「クルマのゴム系パーツ」と言われてまず頭に思い浮かぶのはタイヤやワイパーだろう。でもこれら以外に、ライトやドアまわりのパッキンにベルトやホース類、エンジンマウントやブッシュ類などなど、クルマには多くのゴム系パーツが使われている。
これらは意外と劣化しやすいパーツにもかかわらず、あまり気にかけられずに劣化がかなり進んでいることもある。そこで、「10年で交換」と言われるこれらゴム系パーツの劣化の原因、長持ちさせるコツ、NG行為などについて考えてみたい。
文/今坂純也(DIRT SKIP)、写真/写真AC
ゴム系パーツの劣化の原因は?
ゴムが劣化している状態とは、「ゴムが弾力を失って硬化したりヒビ割れている」ことを指す。そしてゴム系パーツを劣化させる主な原因は、太陽光に含まれる紫外線や熱、風雨。これらの影響はクルマの保管状況によっても大きく変わり、屋外保管と屋内保管では雲泥の差ともなる。
屋外保管の場合は、クルマに保護シートなどをかけることで劣化の進行を遅らせることもできるが、使うたびにカバーをかけたり外したりするのはかなり面倒だし、劣化を遅らせられたとしても10年程度と言われている。
よって、ゴム系パーツは必ず劣化するものと考え、交換時期くらいは知っておきたいもの。
劣化を防ぐメンテナンス法は?
ゴムが劣化した状態とは、硬化して柔軟性を失うこと。よって、柔軟性を保つためのメンテナンス法をまずは知っておきたい。
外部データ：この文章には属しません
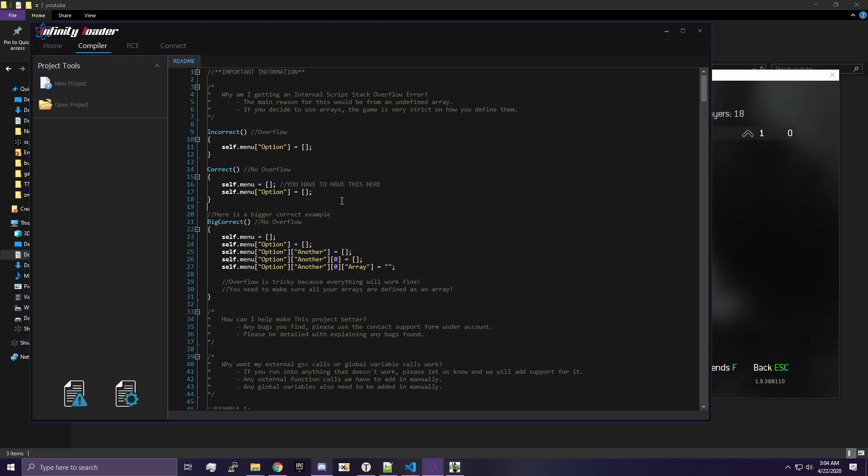Yo, what is going on guys? Sirius here. In today's video, I'm going to be starting a new series in which I teach the GSC scripting language used by Call of Duty.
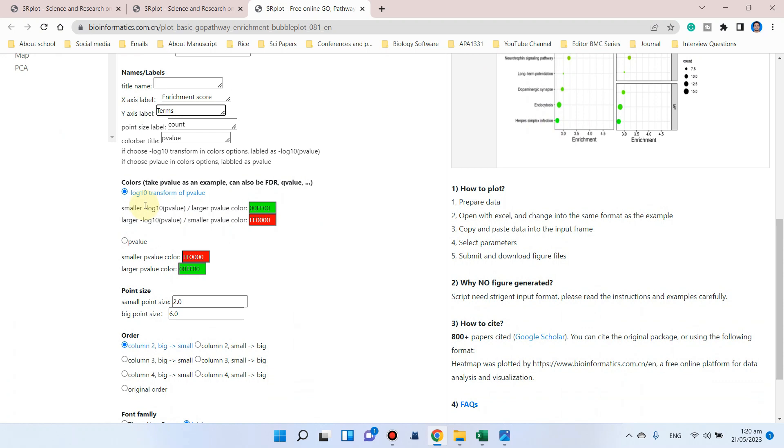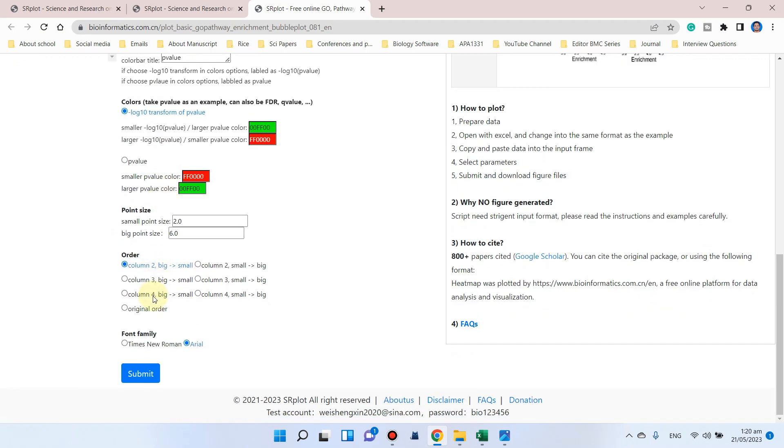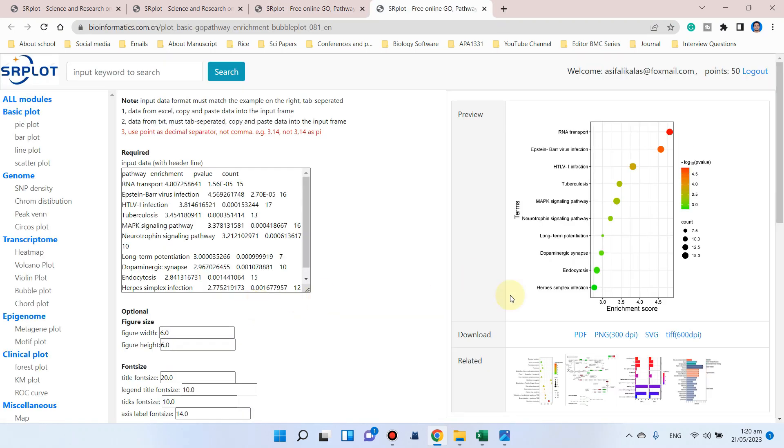Now we can also show the color with the help of negative log 10 p-values. I will prefer negative log of 10, so we can simply click on this submit button. It will generate a beautiful KEGG pathway for us.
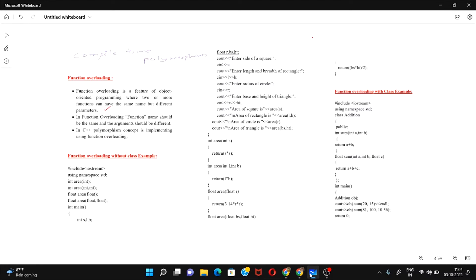Hi everyone! Welcome to my channel Tech Tutorials 2k2bun. Today we are going to learn the function overloading concept in C++ programming. I'll start with the definition of function overloading and the rules we can follow to overload a function in C++, and then we'll see the implementation in two different ways with two examples.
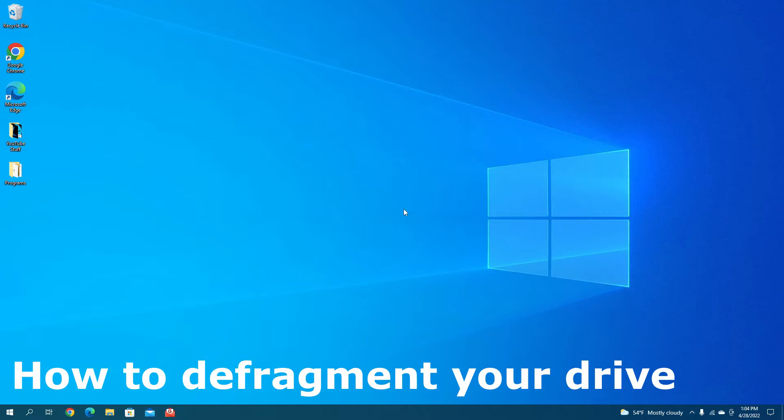Welcome everybody! Today we're going to be learning how to defragment your hard drive. So let's get started!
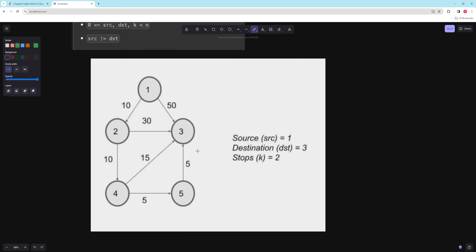Let's look at an example from the editorial. We start at node one and we're trying to get to node three, with stops equal to two — meaning we can use at most three edges. One path costs 50, another costs 40, and the best path turns out to cost 35: you go here, then here, then here.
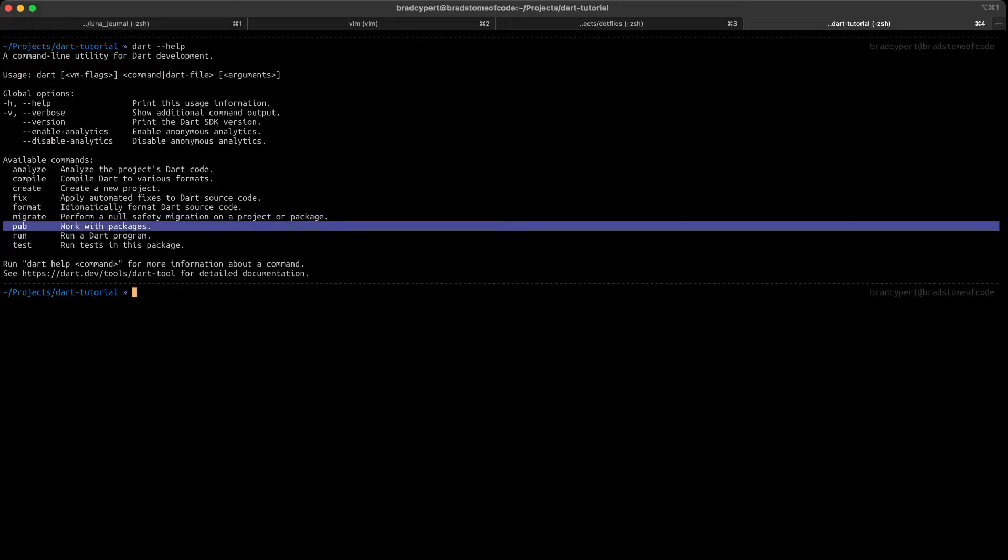Pub is a command for working with packages. With pub, you can install dependencies and manage your pub file, which keeps track of all your dependencies for you. Next, we have the run command, which we've already covered, and the test command, which is used for running tests. We'll have another video on tests where we dive deep into those, so we'll skip that one for now.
ある程度長く乗ったクルマで、汚れやヤレがけっこう気になってくるゴム系パーツにモールがある。ドアの密閉性を高める「ウェザーストリップ」や、ルーフ部につく「ルーフモール」などがそうだ。
カー用品店に行けばゴム系パーツ劣化防止用のケミカル剤などが置いてあるが、大事なことは「ケミカル剤を使う部分の汚れをしっかり落としてから使う」こと。モールを美しくするにはまずは汚れ落としから。汚れを落とすには、濡らしたマイクロファイバー系のウエスで黒い汚れがウエスにつかなくなるまでとにかくひたすら拭く。
濡らしたメラミンスポンジを使うと汚れが一気にキレイになると言う人もいるが、メラミンスポンジには研磨力があり、劣化したゴムをどんどん削り落とすこともあるので、使う際は要注意。
汚れたゴム系パーツはケミカル剤の浸透を妨げ、効果も半減してしまうのでとにかくひたすら拭いて汚れを落とすべし。汚れが落ちたらケミカル剤の出番だ。ケミカル剤の多くはスプレーして(もしくは塗り込んで)乾いたウエスで拭きあげるだけと、とても簡単なのでぜひ一度試してほしい。
ただし、ワイパーゴムに施工するとガラスのギラつきの原因となったり、アクセルやブレーキペダルに施工すると滑って危険なので、ここには絶対に使わないこと。
ちなみに、ワイパーゴムを動かすと起こるビビリ音の多くは、ワイパーゴムの劣化やガラスの汚れが原因であることが多い。ビビリ音解消のためにワイパーゴム交換を考えるなら、その前にまずはワイパーゴムとガラスをきれいにしてみてから。「ゴムを交換したけどビビリ音が消えない……」とならないように……。